In a decision with implications for all transportation projects in California, the California Court of Appeal held that the analysis of greenhouse gas emissions from transportation projects in a metropolitan transportation plan violated the California Environmental Quality Act ("CEQA").  The metropolitan planning organization for San Diego, the San Diego Association of Governments ("SANDAG"), certified an environmental impact report ("EIR") evaluating the impacts of the San Diego metropolitan transportation plan.
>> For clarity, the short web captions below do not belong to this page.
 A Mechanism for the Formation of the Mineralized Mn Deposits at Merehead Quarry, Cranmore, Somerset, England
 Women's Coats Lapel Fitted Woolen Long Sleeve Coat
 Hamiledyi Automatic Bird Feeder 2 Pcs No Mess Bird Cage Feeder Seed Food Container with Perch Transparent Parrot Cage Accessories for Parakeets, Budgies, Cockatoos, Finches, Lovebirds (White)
The transportation plan also serves as a Sustainable Communities Strategy to implement state law regarding regional housing needs and to comply with regional targets for reductions in greenhouse gas emissions from autos and light trucks.   SANDAG concluded that the transportation plan achieved greenhouse gas emission reductions for 2020 and 2035 approved by the California Resources Board (CARB) for the San Diego region. 
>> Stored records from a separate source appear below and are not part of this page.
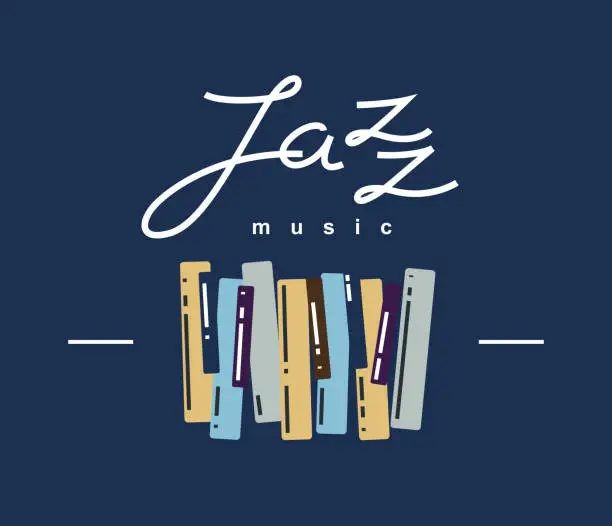 Vector illustration of Jazz music emblem or logo vector flat style illustration isolated, grand piano logotype for recording label or studio or musical band.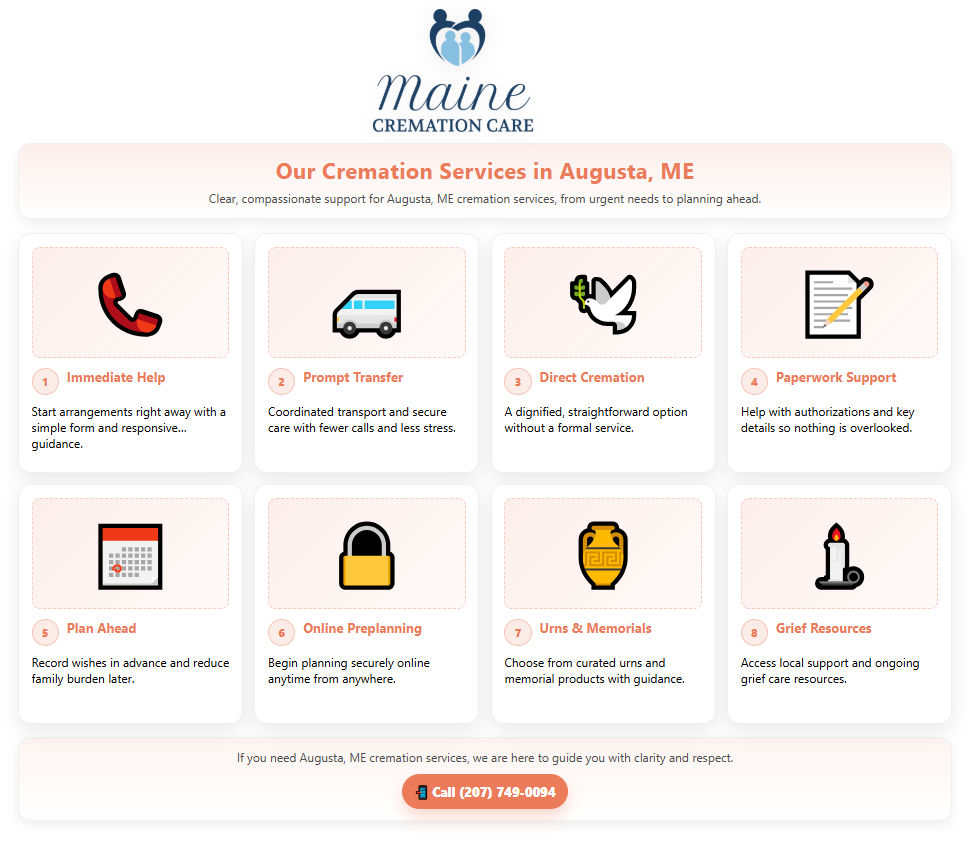 Infographic of Our Cremation Services in Augusta, ME
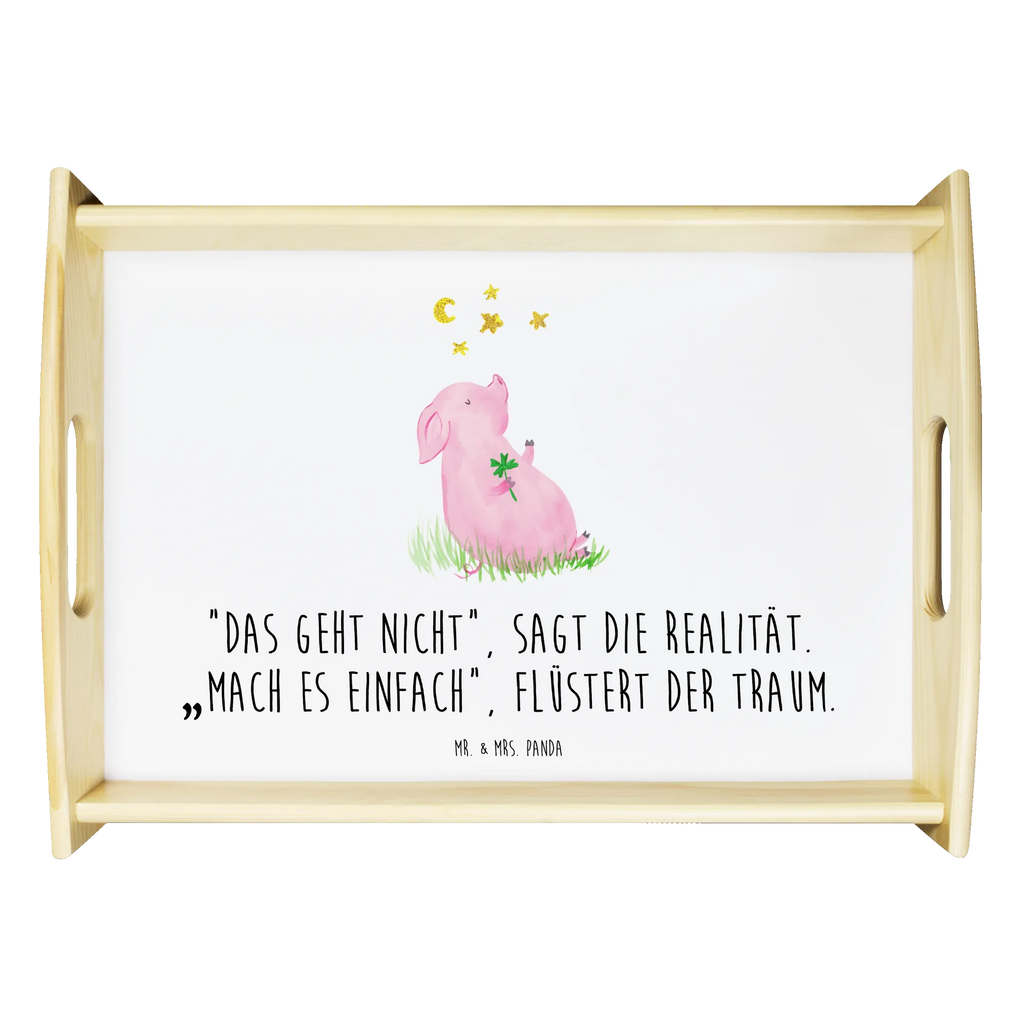 Serviertablett Schwein Glück Frühstückstablett, Tablett, Holztablett, Serviertablett, Dekotablett, Küchentablett, Tiermotive, Gute Laune, lustige Sprüche, Tiere, Ziele, Träume, Schwein, Schweinchen, Sterne, Glücksbringer, Glücksschwein. Glück, Motivation, Sernchen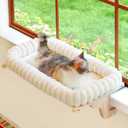 Zakkart SnugCloud Cat Window Perch with 4-Sided Bolster - Orthopedic Cat Hammock for Window Sill - Solid Hardwood & Metal Frame - Window Seat for Pets (Natural Color Wood w/White Bed, Medium) (Medium (22"x15"))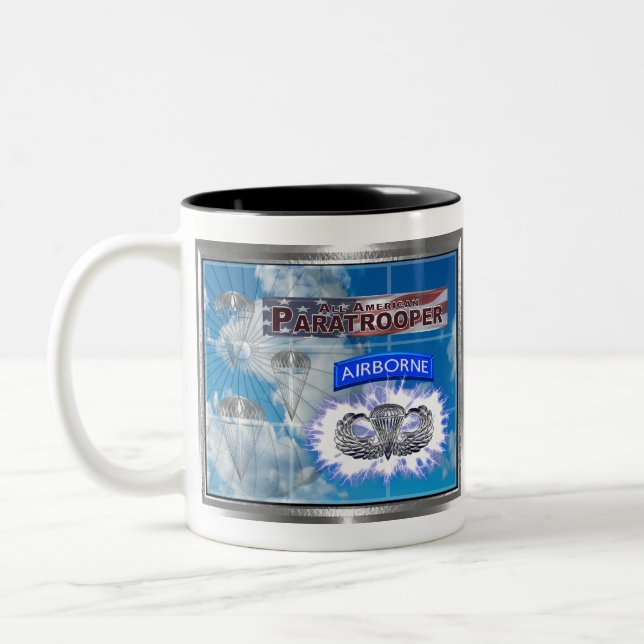 Taza Bicolor Asombroso paracaidista y bandera estadounidense (Izquierda)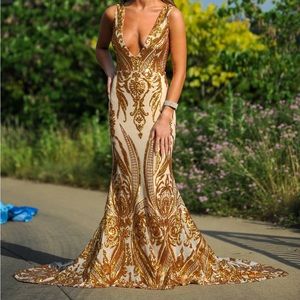 alamour the label-MAURITA - GOLD sequin mermaid dress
The EIR disclosed that GHG emissions in the SANDAG region would increase after 2035 with implementation of the transportation plan as a result of population increases, but the EIR did not analyze whether the transportation plan was consistent with the much more aggressive 2050 GHG's reduction goal in the Executive Order adopted by Governor Schwarzenegger in 2005.  The Executive Order established a goal of reducing GHG emissions to 1990 levels by 2020 and to 80 percent below 1990 levels by 2050.  In 2006 the Legislature enacted a law ("AB 32") that required CARB to determine the state's 1990 GHG emission level and to identify GHG reductions to achieve the 2020 goal.  In 2008 the Legislature enacted another law ("SB 375") that directed CARB to establish regional GHG reduction targets for autos and light trucks for 2020 and 2035.  Neither AB 32 nor SB 375 required CARB to establish GHG reduction targets to achieve the Executive Order's 2050 reduction goal, but SB 375 required CARB to update the regional GHG reduction targets through 2050. 
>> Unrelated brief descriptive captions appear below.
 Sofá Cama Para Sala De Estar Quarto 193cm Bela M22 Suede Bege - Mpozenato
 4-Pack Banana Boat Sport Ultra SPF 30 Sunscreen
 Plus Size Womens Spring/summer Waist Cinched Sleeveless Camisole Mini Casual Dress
In a 2-1 decision, the Court held that SANDAG violated CEQA because the EIR (1) did not evaluate the RTP's consistency with the 2050 GHG emission reduction goal in the Executive Order, and (2) did not evaluate adequately alternatives and mitigation measures that could "substantially lessen the [RTPs'] significant" GHG emissions impacts.     The Court reasoned that the Legislature endorsed the Executive Order's 2050 goal because the Legislature tasked CARB with establishing GHG emission reduction targets after 2020, and required CARB to revisit the SB 375 regional emission targets every eight years through 2050.  The Court concluded that the "EIR's failure to analyze the transportation plan's consistency with the . . .  Executive Order's overarching goal of ongoing greenhouse gas emission reductions, was therefore a failure to analyze the transportation plan's consistency with state climate policy."

SANDAG has voted to seek review of the decision by the California Supreme Court.

Cleveland National Forest Foundation v. San Diego Association of Governments, 231 Cal.App.4th 1056 (2014).